Phillips defines clearly what the theme of his podcasts and posts will be:

“This is not a soccer essay; this is a euphoria machine.”

Euphoria machine? What’s that? Read on. You’ll get what he means as he describes the first of those iconic goals – the Hand of God goal.

 

But first, history matters. Take Maradona’s start as a child prodigy:

“He has passion. More than that he has vision. He has timing. He sees where things are going five seconds before they get there. Adults take notice. They alert other adults. Some of these adults are coaches on high-level youth teams. Does money change hands? Yeah. Does the money go to his family? Not most of it!”

And so this is how his life as a football player starts off:

“Do his youth coaches lie about his age so he can help them win games against older kids? They sure do. Does anyone make sure he keeps going to school after that point? Nope!”

 

Then there’s the England-Argentina history. In 1982, it was the Falkland War:

“Around 300 miles off the coast of Argentina, near the northern tip of Antarctica, is an archipelago called the Falkland Islands… The islands are British territory. Footnote one, see colonialism. Argentina maintains—and still does, to this day—that the islands belong to it.”

A war that deepens pre-existing animosities:

“Within Argentina, the Falklands War intensified a long-standing feeling that the country has been treated as a whipping boy, as a second-class world citizen, by Britain and America and their allies.”

And this animosity is much older than Falklands:

“The England soccer manager Alf Ramsey had infamously called the Argentine players “animals” after a bad-tempered match at the 1966 World Cup.”

No wonder then:

“So yes. When Argentina draws England in the ’86 World Cup quarterfinals, it makes for a, let’s say, charged atmosphere.”

 

Here’s Phillips description of the Hand of God goal.
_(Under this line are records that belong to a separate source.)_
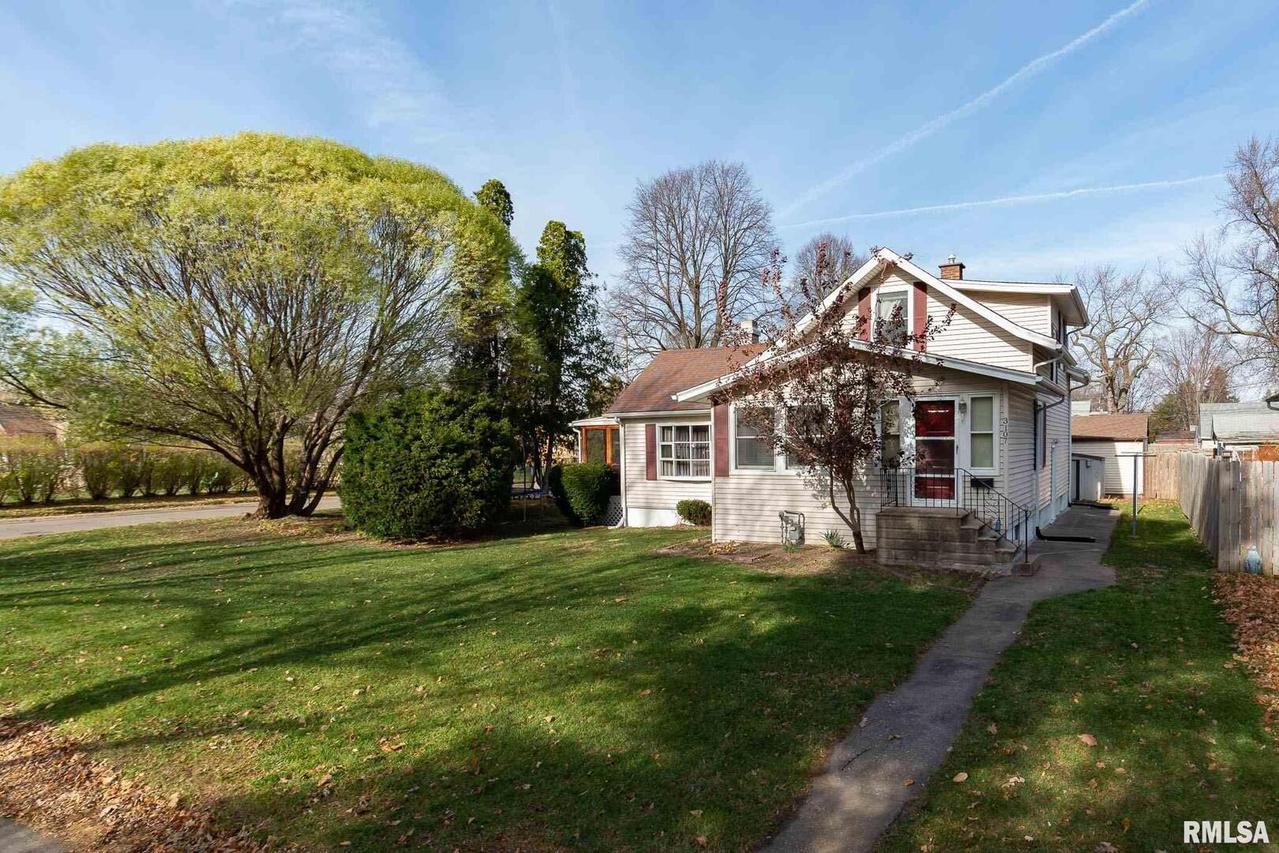 3107 20th Ave., Rock Island, IL 61201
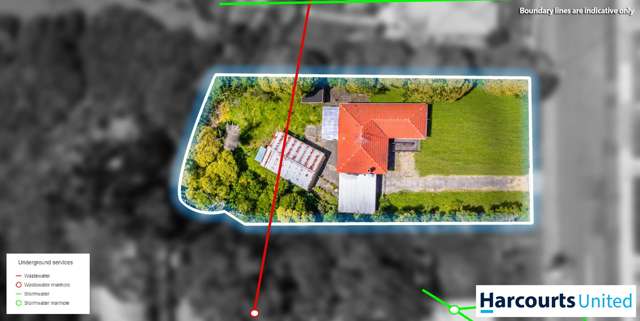 Fire-Damaged B&T, 1191m² Freehold River Views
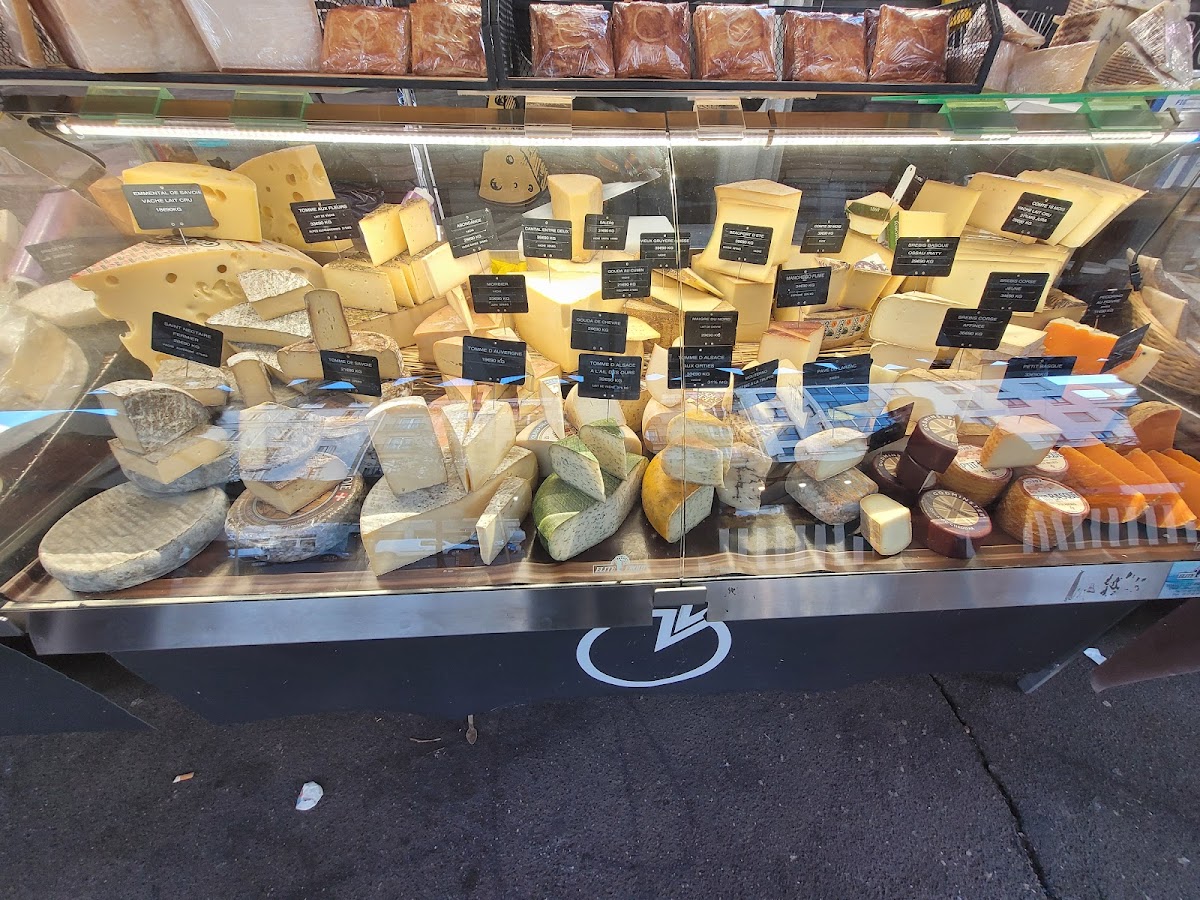 Marché Grenelle - Photo 3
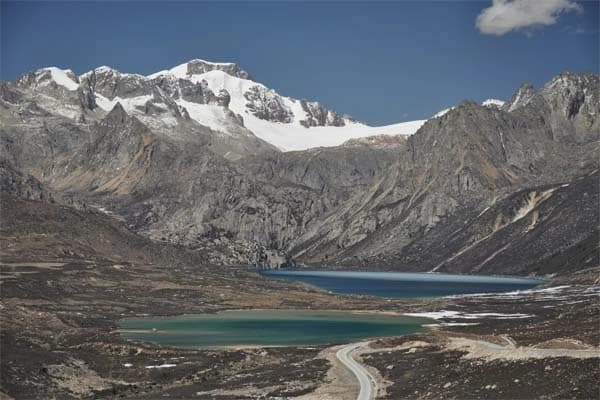 How to Trek to Manaslu Base camp?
Maradona passes the ball to Valdano, who loses it, and Steve Hodge clears it back towards the goalkeeper, Peter Shilton:

“Peter Shilton, Maradona, and the ball are now rapidly converging directly in front of the goalmouth… They both go up for the ball. The referee is about 10 yards behind them. Shilton looms over Maradona and is also allowed to use his hands. This should be an easy get. Yet somehow Maradona makes this odd sort of twisting leap, and before you see what happened the ball has gone past Shilton and bounced into the net.”

 

Or just watch the goal here:

 

Phillips continues:

“You’ve got Maradona, like, half-celebrating with all these little furtive glances back at the ref to see if he’s been caught, like a kid sneaking out of the room with a cookie. You’ve got the referee practically feeling in his pocket for his glasses.”
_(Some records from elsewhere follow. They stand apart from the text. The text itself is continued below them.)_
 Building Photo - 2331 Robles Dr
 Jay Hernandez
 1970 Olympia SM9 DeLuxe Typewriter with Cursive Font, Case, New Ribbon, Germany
Post-match, here’s how Maradona described the goal:

“A little with the head of Maradona, and a little with the hand of God.”

 

Why does this goal rile people so much? It’s just a game, after all…

“Without the rules, we can’t have sports; we can’t trust sports. Who do you trust? The Hand of God is an iconic goal that cuts directly against the continued viability of the sport it’s an icon in.”

On the other hand, there’s Maradona’s history:

“But what if you look at it this way? What if the system has been rigged against you, what if the rules have been rigged against you, your whole life? What if the rules, as you see them, exist to be invoked against you, to keep you down… from the time you were born?”

And so Phillips writes:

“I’m not saying this outlook is correct. I’m saying this is about a feeling, and right now it’s about the feeling that the system was not made for you. It was made for someone else, to be deployed against you. And to survive, you have to outwit it.”

 

As if this wasn’t enough drama, Maradona then goes on to score the goal of the century just:

“Three and a half minutes later…”

More on that in the next blog.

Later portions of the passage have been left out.